Despite these risks, we are witnessing the rapid emergence of startups focused on this space.
With Agentic AI, the future is not just software tools—but digital teammates working alongside organizations to produce real outcomes.
Core Characteristics of Digital Employees
Most traditional (non-agentic) AI applications operate in a simple pattern:
prompt → response
or
prompt → RAG → response
The Digital Employee / Agentic approach transforms the model into an autonomous or semi-autonomous process executor that has access to tools and can carry out tasks.
Typical core characteristics of Agentic Digital Employee systems include:
Goal and Task Planning
Instead of simple task automation, the system starts with a high-level objective, breaks it into subtasks, and executes a plan. The ability to revise the plan dynamically is critical.

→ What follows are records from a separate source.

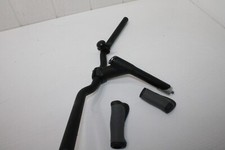 Jugend Set Lenker+Vorbau  Alu 1 1/8"  für Gewinde /  Klemm. 25,4 mm+Griffe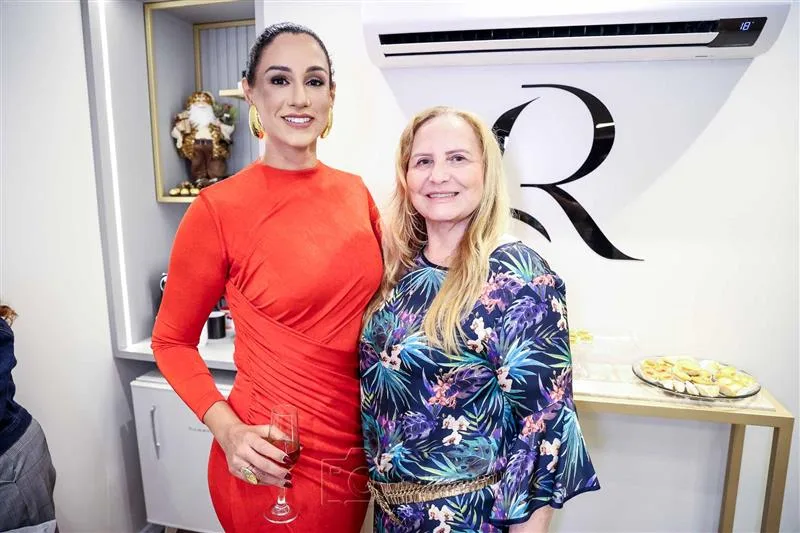 Lê Ribeiro e Ana Cidrão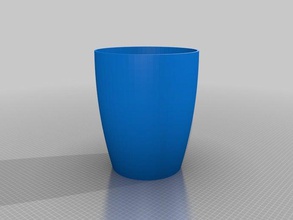 marijkes vaas containers customized 3d print model - Mito3D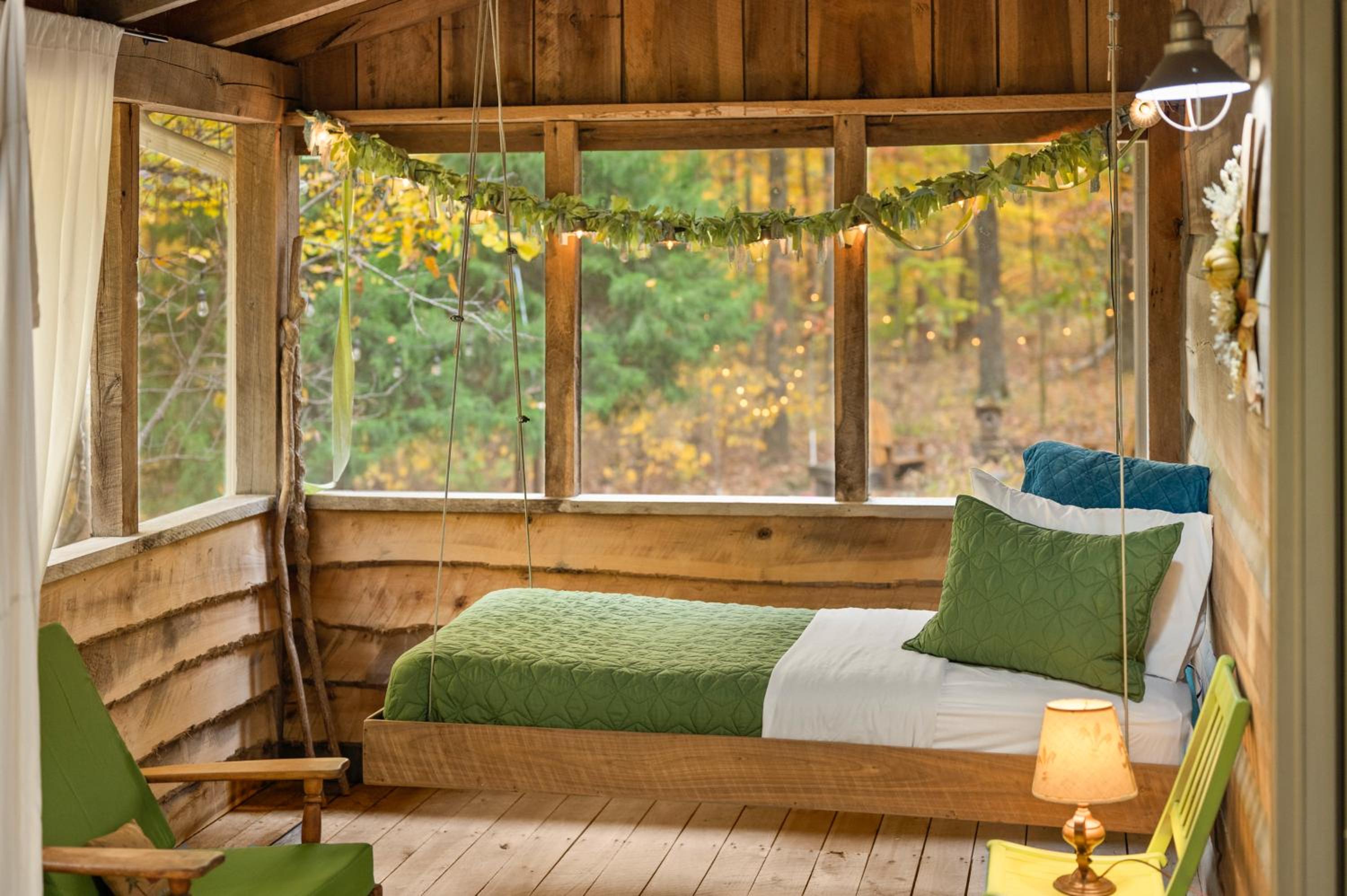 Cabin Porch Paradises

Tool Usage and Orchestration
Agents can interact with tools such as search systems, data retrieval tools, computational services, and enterprise APIs, enabling them to manage sequential or conditional workflows.
State and Memory
They maintain session context as well as long-term organizational memory, allowing them to improve performance over time.
Iterative Feedback Loops
Modern agent frameworks explicitly define feedback loops:
tool output → validation → retry if necessary.
Constrained Autonomy
Digital Employees operate within defined permissions, policies, and governance boundaries, often requiring human approval for critical actions. Without such guardrails, autonomy could significantly increase security risks.
Comparing Traditional AI vs. Agentic AI / Digital Employees:
Technical Tools and Development Platforms
Agentic AI / Digital Employee solutions are not a single product category. Instead, they typically combine:
Agent frameworks
Cloud agent services
Integration standards
Observability and monitoring tools
Open-source agent frameworks enable rapid prototyping, while cloud agent services provide the operational layer required for production environments, including scalability, governance, security, and monitoring.
Over the past two years, new standards have significantly accelerated the agentic ecosystem.
One of the most important is MCP (Model Context Protocol), an open standard that enables agents to securely connect with external tools and data sources through two-way communication.
You can think of MCP as the HTTP of Digital Employees and Agentic AI systems.
Below are six of the most popular tools used to build Digital Employees.
Digital Employee Use Cases
Today, several companies are rapidly developing solutions that transform how work gets done. Five of the most common AI-powered Digital Employee use cases include:
HR Onboarding Digital Employee
Automates onboarding processes for new hires by planning training, managing documentation, and provisioning system access.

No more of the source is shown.